Elle avait besoin d’être seule. Assimiler John n’était pas chose aisée, même pour une droguée de la mort.
— Tu te souviens de tout ? demanda-t-il d’une voix douce.
— Oui.
— Bien. Je te téléphone demain comme convenu. La police va t’interroger, il va falloir être forte.
— Je le suis. Plus qu’ils ne le croient.
Eva fumait comme un homme mais souriait comme un reptile.
John déguerpit après lui avoir envoyé une sorte de baiser volant depuis l’autre bout de la pièce. Eva l’attrapa au passage et le cacha dans le fond de son cœur. Personne ne viendrait chercher dans cette poubelle.
*
John roulait à vive allure sur West Coast Road. Au bout de l’horizon, Karekare attendait son arrivée. Il reprenait ses esprits dans la fraîcheur de la nuit. Tout s’était passé si vite depuis leur rencontre.
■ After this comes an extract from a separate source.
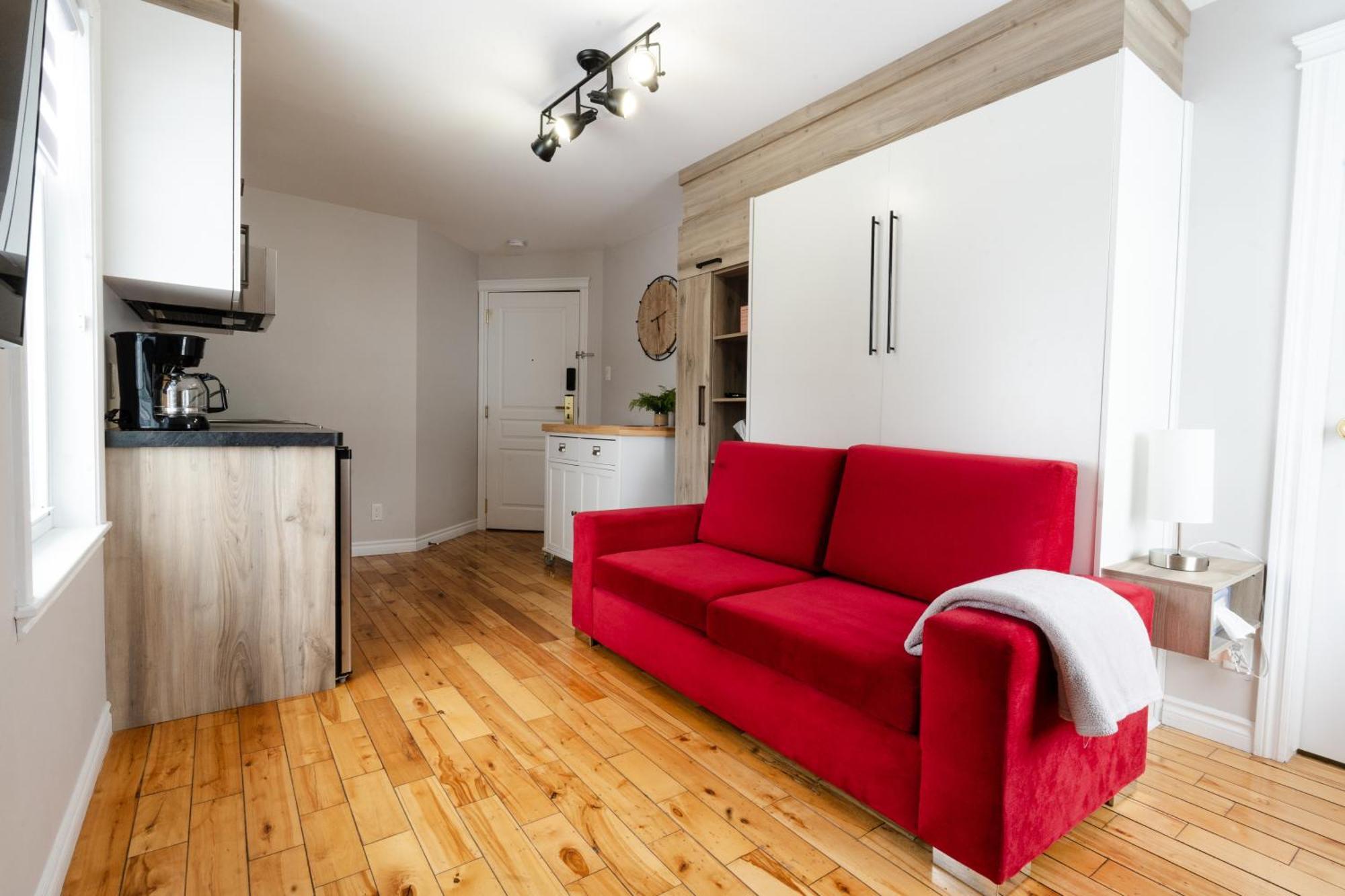 Hotel Les Quatre Bonheurs Amqui Luaran gambar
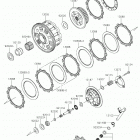 NINJA ZX-6R ABS Сцепление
Il laissa filer la moto dans les courbes serrées : elle connaissait le chemin. Soudain, un nœud d’angoisse coula dans sa gorge. D’un geste brusque, John porta sa main à son cou. La lame de rasoir avait disparu. Il ralentit pour mieux réfléchir. Dans sa tête, la soirée défila à toute vitesse : le restaurant, l’arrivée à la propriété, le fumoir… Le fumoir. Bien que le souvenir restât confus, c’est là que la crise avait commencé. Edwyn l’avait pris par le cou. Il s’était blessé à la main en voulant lui arracher sa chemise, la lame de rasoir avait disparu à cet instant précis. Qu’en avait-il fait ? Elle n’était pas sur la moquette (il l’aurait vue en nettoyant ses empreintes), ni sur un meuble… Non : Edwyn avait dû la jeter.